Saved entries:
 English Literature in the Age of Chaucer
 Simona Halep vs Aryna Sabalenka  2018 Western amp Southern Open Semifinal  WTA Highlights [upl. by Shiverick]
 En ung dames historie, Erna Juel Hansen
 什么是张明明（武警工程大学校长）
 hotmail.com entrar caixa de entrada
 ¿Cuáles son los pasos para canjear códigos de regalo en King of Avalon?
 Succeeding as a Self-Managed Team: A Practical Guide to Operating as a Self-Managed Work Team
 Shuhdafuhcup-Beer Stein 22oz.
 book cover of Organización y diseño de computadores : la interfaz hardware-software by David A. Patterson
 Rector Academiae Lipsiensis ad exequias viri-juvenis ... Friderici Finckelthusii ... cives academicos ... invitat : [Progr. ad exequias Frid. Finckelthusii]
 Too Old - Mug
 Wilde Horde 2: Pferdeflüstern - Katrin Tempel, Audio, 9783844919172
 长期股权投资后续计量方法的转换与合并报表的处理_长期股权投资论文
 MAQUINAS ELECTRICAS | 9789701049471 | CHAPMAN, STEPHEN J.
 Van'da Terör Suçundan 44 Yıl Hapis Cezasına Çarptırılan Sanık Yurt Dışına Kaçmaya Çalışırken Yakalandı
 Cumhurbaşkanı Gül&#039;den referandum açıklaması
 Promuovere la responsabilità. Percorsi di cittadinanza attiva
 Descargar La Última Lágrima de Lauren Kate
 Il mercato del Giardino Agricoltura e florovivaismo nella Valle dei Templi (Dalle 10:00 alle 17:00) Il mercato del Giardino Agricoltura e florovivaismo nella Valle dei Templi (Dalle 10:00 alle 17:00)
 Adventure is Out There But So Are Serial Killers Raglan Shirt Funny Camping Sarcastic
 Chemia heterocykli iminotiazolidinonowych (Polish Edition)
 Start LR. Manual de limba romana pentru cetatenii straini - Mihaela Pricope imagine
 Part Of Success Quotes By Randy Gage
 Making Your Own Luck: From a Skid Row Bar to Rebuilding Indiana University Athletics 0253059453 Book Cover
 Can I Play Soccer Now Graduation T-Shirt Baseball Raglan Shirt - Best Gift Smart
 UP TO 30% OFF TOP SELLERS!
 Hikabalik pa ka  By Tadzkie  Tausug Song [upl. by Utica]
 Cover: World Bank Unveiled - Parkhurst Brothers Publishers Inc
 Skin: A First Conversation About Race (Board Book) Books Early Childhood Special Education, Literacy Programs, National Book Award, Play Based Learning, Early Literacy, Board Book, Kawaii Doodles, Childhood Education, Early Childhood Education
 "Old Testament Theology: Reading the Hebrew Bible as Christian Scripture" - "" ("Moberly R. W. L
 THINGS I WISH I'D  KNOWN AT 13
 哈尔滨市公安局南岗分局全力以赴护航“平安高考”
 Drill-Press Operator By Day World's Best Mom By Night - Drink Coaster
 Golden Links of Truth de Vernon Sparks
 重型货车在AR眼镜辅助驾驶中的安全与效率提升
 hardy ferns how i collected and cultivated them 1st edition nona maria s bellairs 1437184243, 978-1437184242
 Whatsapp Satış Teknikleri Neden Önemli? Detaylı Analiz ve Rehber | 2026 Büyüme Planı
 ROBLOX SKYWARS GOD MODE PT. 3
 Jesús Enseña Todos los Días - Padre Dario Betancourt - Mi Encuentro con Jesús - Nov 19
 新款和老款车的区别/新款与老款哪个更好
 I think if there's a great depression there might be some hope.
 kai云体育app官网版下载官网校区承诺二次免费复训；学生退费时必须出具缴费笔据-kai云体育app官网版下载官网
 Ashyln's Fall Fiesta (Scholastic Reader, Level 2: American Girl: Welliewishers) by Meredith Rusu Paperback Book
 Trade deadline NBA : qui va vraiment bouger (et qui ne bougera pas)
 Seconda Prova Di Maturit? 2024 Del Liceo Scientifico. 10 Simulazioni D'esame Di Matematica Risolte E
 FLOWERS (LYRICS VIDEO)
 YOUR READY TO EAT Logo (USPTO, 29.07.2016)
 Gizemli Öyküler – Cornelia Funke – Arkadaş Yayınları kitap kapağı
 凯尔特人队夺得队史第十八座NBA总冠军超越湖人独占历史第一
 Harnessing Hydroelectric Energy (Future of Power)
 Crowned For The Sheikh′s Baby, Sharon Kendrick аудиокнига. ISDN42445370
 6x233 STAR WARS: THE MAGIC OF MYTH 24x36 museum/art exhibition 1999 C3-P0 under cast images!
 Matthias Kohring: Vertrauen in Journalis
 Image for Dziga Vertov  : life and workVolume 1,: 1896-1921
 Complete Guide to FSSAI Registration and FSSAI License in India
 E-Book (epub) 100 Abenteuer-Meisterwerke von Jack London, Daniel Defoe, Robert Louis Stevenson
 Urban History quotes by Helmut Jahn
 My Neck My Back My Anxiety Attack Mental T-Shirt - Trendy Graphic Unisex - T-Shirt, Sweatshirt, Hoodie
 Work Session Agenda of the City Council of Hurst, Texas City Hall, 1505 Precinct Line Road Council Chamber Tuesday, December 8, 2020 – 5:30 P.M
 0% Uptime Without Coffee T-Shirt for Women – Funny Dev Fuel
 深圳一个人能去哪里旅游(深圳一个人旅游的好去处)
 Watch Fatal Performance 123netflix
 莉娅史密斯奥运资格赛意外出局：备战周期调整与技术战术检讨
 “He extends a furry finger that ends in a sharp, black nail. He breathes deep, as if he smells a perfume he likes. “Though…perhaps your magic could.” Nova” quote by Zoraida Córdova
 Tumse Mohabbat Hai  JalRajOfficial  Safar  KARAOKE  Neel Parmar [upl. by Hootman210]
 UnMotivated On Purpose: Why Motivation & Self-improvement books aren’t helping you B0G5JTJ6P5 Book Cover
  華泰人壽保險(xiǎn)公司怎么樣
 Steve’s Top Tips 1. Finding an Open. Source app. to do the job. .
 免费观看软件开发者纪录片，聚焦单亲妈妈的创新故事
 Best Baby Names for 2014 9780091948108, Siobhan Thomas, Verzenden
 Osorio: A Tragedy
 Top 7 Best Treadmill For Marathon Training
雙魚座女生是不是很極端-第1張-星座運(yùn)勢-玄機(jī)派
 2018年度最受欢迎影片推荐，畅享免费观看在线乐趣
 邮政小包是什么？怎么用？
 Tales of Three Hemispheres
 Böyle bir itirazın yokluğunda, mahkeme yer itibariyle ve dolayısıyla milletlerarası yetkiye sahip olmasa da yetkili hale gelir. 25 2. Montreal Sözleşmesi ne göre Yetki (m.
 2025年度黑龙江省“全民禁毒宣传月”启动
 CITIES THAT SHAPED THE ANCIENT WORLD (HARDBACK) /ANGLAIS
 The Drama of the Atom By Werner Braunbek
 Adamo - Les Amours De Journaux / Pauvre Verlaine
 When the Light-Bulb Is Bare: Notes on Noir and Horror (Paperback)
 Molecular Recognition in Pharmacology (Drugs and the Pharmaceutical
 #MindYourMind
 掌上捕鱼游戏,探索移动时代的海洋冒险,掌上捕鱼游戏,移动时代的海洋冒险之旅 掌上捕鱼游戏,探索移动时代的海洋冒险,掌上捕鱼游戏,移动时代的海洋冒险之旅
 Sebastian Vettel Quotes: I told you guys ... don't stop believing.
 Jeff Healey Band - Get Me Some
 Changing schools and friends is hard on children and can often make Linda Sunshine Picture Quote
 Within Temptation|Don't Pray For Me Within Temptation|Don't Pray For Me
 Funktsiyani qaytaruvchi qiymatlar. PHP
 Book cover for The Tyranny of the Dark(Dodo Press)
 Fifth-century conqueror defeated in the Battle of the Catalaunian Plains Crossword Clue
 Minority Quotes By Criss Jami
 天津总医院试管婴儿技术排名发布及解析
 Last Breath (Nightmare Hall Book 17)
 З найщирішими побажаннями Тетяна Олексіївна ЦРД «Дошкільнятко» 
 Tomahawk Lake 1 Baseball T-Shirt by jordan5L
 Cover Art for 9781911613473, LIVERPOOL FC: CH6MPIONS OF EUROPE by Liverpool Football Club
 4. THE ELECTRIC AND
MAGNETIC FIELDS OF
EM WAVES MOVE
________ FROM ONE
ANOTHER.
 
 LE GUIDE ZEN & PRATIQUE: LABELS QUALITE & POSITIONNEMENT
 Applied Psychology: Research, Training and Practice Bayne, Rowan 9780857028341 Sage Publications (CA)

--- Exercise aim ---
Among the entries above, the lines between the ones containing "King of Avalon?" and "Making Your Own", inclusive, are to be transcribed exactly. No other line is to be given.

--- Finished task ---
 ¿Cuáles son los pasos para canjear códigos de regalo en King of Avalon?
 Succeeding as a Self-Managed Team: A Practical Guide to Operating as a Self-Managed Work Team
 Shuhdafuhcup-Beer Stein 22oz.
 book cover of Organización y diseño de computadores : la interfaz hardware-software by David A. Patterson
 Rector Academiae Lipsiensis ad exequias viri-juvenis ... Friderici Finckelthusii ... cives academicos ... invitat : [Progr. ad exequias Frid. Finckelthusii]
 Too Old - Mug
 Wilde Horde 2: Pferdeflüstern - Katrin Tempel, Audio, 9783844919172
 长期股权投资后续计量方法的转换与合并报表的处理_长期股权投资论文
 MAQUINAS ELECTRICAS | 9789701049471 | CHAPMAN, STEPHEN J.
 Van'da Terör Suçundan 44 Yıl Hapis Cezasına Çarptırılan Sanık Yurt Dışına Kaçmaya Çalışırken Yakalandı
 Cumhurbaşkanı Gül&#039;den referandum açıklaması
 Promuovere la responsabilità. Percorsi di cittadinanza attiva
 Descargar La Última Lágrima de Lauren Kate
 Il mercato del Giardino Agricoltura e florovivaismo nella Valle dei Templi (Dalle 10:00 alle 17:00) Il mercato del Giardino Agricoltura e florovivaismo nella Valle dei Templi (Dalle 10:00 alle 17:00)
 Adventure is Out There But So Are Serial Killers Raglan Shirt Funny Camping Sarcastic
 Chemia heterocykli iminotiazolidinonowych (Polish Edition)
 Start LR. Manual de limba romana pentru cetatenii straini - Mihaela Pricope imagine
 Part Of Success Quotes By Randy Gage
 Making Your Own Luck: From a Skid Row Bar to Rebuilding Indiana University Athletics 0253059453 Book Cover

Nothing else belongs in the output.